Jornal grego informou nesta segunda-feira (13) que a República Islâmica do Irã advertiu que a utilização de bases militares dos EUA na Grécia seria considerada um "ato hostil" e que o governo do país persa retaliaria "de forma clara de decisiva".
Sputnik

Jornal grego Ekathimerini escreveu que "a advertência veio por meio de uma carta enviada pela embaixada iraniana em Atenas ao jornal Kathimerini, que foi publicada no dia 10 de janeiro.

O aviso dizia respeito a uma matéria divulgada no jornal no dia 6 de janeiro que afirmava que "a Grécia se envolverá de alguma forma no caso de uma operação dos EUA contra Irã, 'mas não com navios de guerra [...] devido ao equilíbrio de forças extremamente frágil' no Mediterrâneo Oriental".

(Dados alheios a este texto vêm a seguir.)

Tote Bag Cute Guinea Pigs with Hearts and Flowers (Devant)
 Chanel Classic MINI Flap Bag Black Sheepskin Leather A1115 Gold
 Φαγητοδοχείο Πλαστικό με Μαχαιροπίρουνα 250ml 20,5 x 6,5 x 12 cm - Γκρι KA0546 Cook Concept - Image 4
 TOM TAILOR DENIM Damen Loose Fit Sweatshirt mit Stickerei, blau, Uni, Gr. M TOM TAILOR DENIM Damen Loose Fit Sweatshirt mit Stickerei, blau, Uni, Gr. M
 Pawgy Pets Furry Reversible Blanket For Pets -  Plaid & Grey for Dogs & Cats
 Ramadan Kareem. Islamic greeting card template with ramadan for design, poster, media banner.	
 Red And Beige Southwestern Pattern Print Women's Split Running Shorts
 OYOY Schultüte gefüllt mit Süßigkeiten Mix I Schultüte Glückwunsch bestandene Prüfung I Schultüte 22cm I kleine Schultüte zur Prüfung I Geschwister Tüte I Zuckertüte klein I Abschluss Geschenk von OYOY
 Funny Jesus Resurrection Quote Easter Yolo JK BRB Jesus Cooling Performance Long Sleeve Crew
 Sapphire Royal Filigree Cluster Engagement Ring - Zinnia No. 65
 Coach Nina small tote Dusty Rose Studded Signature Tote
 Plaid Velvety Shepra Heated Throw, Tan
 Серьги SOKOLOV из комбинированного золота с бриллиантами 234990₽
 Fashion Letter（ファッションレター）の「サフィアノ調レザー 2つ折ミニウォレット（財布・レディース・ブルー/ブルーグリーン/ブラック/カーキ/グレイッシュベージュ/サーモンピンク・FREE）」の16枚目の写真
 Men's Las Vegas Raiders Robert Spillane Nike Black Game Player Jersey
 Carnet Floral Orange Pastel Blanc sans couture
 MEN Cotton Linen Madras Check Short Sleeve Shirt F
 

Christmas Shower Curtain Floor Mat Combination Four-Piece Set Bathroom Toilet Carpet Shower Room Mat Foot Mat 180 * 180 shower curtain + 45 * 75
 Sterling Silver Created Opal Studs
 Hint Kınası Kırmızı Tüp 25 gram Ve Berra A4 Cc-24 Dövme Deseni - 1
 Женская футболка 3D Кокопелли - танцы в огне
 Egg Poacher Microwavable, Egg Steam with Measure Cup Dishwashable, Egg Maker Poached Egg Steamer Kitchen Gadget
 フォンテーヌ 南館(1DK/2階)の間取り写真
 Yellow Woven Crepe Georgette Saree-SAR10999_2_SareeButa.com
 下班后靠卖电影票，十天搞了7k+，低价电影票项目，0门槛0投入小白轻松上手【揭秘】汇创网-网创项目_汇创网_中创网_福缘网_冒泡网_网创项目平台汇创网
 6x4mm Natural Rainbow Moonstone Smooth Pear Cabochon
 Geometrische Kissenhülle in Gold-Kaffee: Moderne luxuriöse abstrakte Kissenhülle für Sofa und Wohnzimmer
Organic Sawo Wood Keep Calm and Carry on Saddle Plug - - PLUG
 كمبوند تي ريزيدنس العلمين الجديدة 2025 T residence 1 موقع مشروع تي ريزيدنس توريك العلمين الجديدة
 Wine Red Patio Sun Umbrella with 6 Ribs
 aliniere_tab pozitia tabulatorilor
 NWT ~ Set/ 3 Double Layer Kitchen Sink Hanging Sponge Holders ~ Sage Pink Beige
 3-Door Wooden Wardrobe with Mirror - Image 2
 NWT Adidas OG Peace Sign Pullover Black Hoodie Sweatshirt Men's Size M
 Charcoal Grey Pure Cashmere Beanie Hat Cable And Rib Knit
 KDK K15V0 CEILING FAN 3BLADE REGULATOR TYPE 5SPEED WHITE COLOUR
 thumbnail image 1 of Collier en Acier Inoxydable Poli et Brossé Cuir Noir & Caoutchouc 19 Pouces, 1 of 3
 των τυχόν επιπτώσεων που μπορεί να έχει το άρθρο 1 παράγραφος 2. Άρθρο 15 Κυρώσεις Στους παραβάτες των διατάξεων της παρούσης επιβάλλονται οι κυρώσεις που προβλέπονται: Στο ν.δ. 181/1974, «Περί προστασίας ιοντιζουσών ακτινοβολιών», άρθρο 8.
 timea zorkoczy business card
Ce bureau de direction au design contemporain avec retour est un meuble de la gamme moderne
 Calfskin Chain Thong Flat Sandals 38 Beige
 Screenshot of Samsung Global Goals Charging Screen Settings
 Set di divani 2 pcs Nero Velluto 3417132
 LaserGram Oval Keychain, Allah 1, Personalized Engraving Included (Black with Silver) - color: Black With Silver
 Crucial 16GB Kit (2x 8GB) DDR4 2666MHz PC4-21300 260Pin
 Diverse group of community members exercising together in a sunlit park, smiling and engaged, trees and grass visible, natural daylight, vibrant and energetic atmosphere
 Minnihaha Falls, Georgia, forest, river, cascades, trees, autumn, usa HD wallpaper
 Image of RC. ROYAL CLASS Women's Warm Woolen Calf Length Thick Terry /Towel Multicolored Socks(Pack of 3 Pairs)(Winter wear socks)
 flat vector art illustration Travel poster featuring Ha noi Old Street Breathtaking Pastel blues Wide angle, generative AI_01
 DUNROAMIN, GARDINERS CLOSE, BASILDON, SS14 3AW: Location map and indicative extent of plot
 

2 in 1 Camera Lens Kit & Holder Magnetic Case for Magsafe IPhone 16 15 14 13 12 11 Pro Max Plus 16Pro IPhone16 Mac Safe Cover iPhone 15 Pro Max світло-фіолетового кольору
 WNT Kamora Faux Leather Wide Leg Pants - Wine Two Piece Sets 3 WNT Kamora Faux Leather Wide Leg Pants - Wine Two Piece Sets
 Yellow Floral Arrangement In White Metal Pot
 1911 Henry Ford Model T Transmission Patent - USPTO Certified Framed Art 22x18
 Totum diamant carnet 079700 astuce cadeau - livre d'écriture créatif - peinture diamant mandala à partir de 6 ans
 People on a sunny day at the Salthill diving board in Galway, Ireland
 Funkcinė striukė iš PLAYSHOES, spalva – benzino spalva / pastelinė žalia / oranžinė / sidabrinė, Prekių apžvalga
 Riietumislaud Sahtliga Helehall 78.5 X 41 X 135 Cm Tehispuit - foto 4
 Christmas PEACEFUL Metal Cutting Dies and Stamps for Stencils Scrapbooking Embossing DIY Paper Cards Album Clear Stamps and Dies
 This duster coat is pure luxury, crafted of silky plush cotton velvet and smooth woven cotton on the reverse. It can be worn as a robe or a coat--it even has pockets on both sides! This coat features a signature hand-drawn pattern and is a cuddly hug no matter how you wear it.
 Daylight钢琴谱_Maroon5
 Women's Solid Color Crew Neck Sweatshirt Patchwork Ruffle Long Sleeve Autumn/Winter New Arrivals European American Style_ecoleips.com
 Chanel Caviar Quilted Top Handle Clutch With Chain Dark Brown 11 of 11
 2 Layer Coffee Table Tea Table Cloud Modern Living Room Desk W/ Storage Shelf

A embaixada iraniana advertiu que "a Republica Islâmica deixou muito claro que, no caso de uma guerra liderada pelos EUA contra o país, a permissão de uso de bases [militares] por qualquer país ao invasor americano será considerada um ato hostil e que Teerã mantém o direito de responder de forma clara e decisiva", conforme relata o The Jerusalem Post.

Há pouco, o primeiro-ministro da Grécia Kyriakos Mitsotakis disse apoiar a operação norte-americana que matou o major-general iraniano e chefe da Força Quds da Guarda Revolucionária do Irã, Qassem Soleimani.

O ministro das Relações Exteriores da Grécia, Nikos Dendias, declarou no sábado (11) que o Irã emitiu uma nota diplomática ao governo grego relativamente às afirmações feitas pelo premiê grego Kyriakos Mitsotakis durante a sua visita a Nova York na semana passada relativamente ao assassinato planejado do major-general iraniano Qassem Soleimani, aponta o diário grego.

Mitsotakis disse em Washington: "Somos aliados dos EUA, por isso, estamos ao lado de nossos aliados em tempos difíceis. Entendo que esta decisão em particular foi tomada levando em consideração o que é o interesse nacional dos EUA e nós defendemos essa decisão."

A morte do general Soleimani em 3 de janeiro por um drone norte-americano levou à subida de tensões na região.